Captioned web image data
◇ ◇ ◇ ◇ ◇

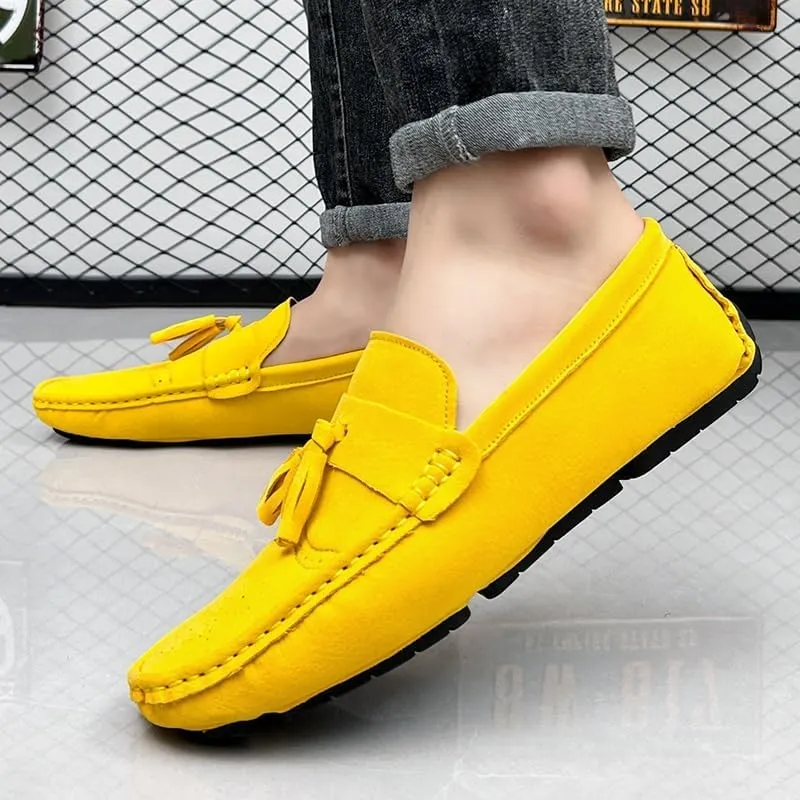 Mens Loafers Penny Loafers with Tassel Suede Vamp Flat Heel Comfortable Anti-Slip Outdoor Slip On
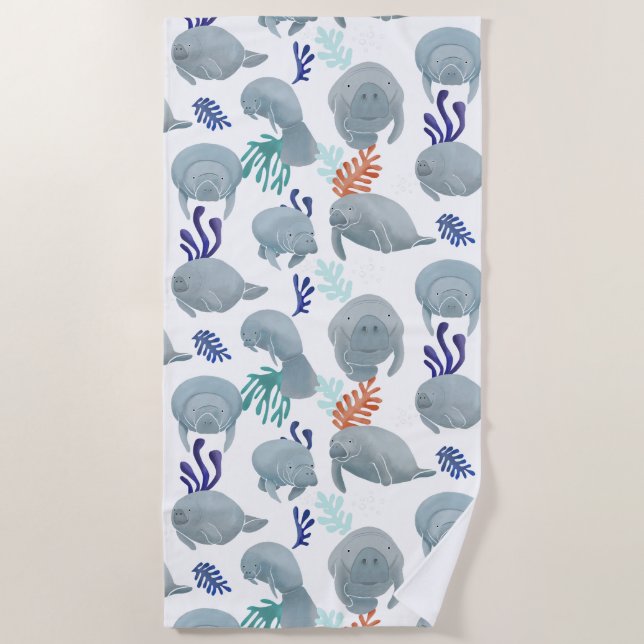 Cute Manatees With Bubbles Pattern  Beach Towel (Front)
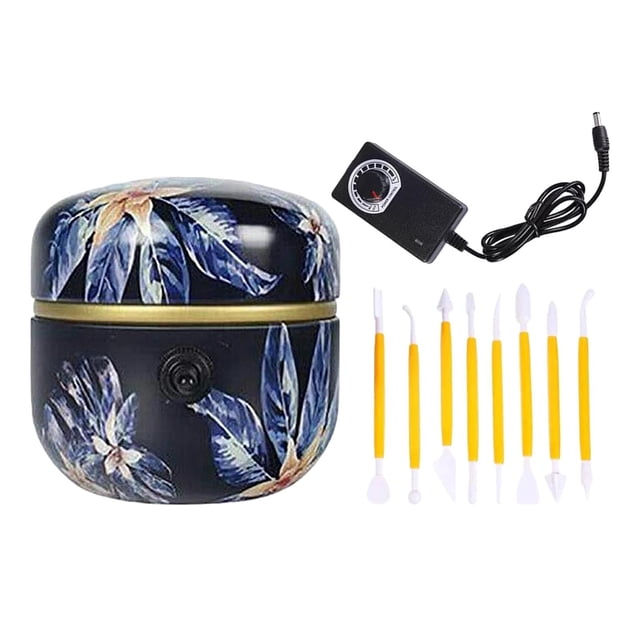 KLKCMS Mini Pottery Machine Electric Pottery Wheel with 8pcs Clay Tools Gift for Adult Dark blue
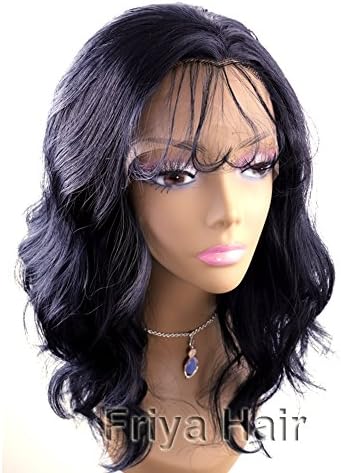 Friya Glueless Short Wavy Lace Front Wig Natural Black Synthetic Water Wave Hair Half Wigs Heat Resistant Fiber Hair Wigs with Baby Hair For Women 14 Inch
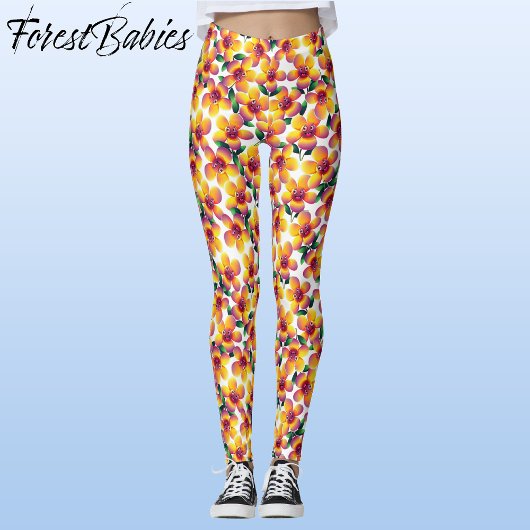 Leggings Fleur 🌼 Whimsical mignon Fun Floral Design Motif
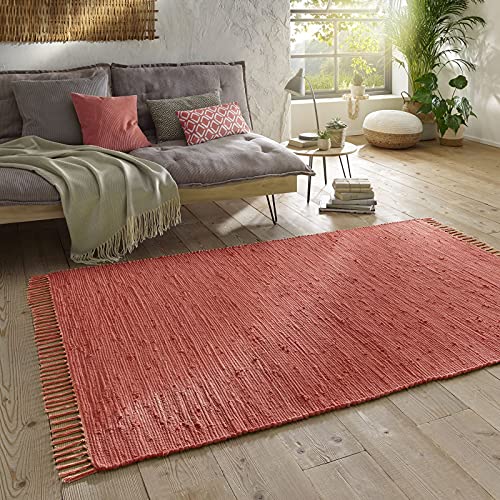 Taracarpet Handwebteppich Läufer Fleckerl Teppich Uni waschbar aus Baumwolle für Wohnzimmer und Küchenteppich 060x120 cm rot von Taracarpet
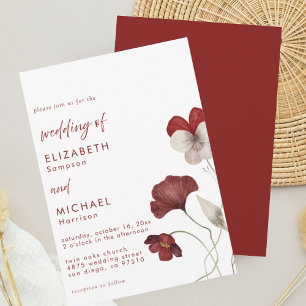 Elegant Burgundy Floral Wedding Invitation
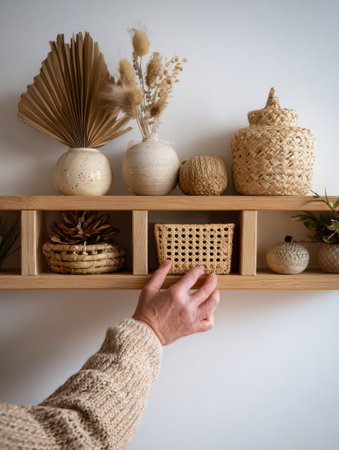 Stylish shelf arrangement features vases, woven baskets, and dried plants, as a hand reaches for a textured container to enhance the home interiorの素材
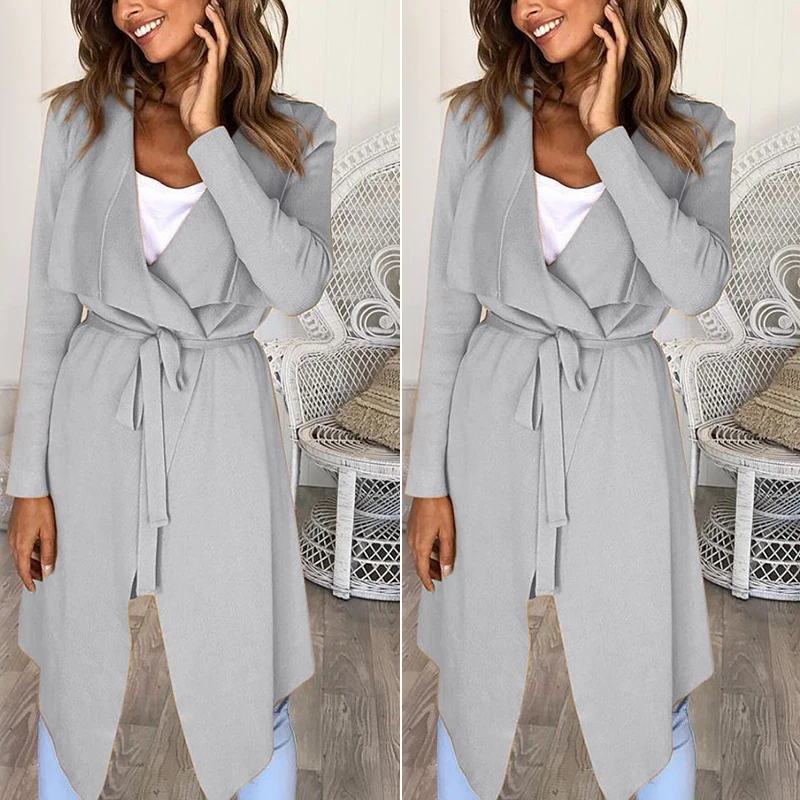 

Ladies Asymmetric Jacket Outwear Overcoat Open Front Cardigan Jacket Coat Tops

◇ ◇ ◇ ◇ ◇

Work request:
The line with "Leggings Fleur 🌼" ends the range, and the first line of the data begins it; repeat exactly those lines and nothing more, omitting pictures.

Result of this task:
 Mens Loafers Penny Loafers with Tassel Suede Vamp Flat Heel Comfortable Anti-Slip Outdoor Slip On
 Cute Manatees With Bubbles Pattern  Beach Towel (Front)
 KLKCMS Mini Pottery Machine Electric Pottery Wheel with 8pcs Clay Tools Gift for Adult Dark blue
 Friya Glueless Short Wavy Lace Front Wig Natural Black Synthetic Water Wave Hair Half Wigs Heat Resistant Fiber Hair Wigs with Baby Hair For Women 14 Inch
 Leggings Fleur 🌼 Whimsical mignon Fun Floral Design Motif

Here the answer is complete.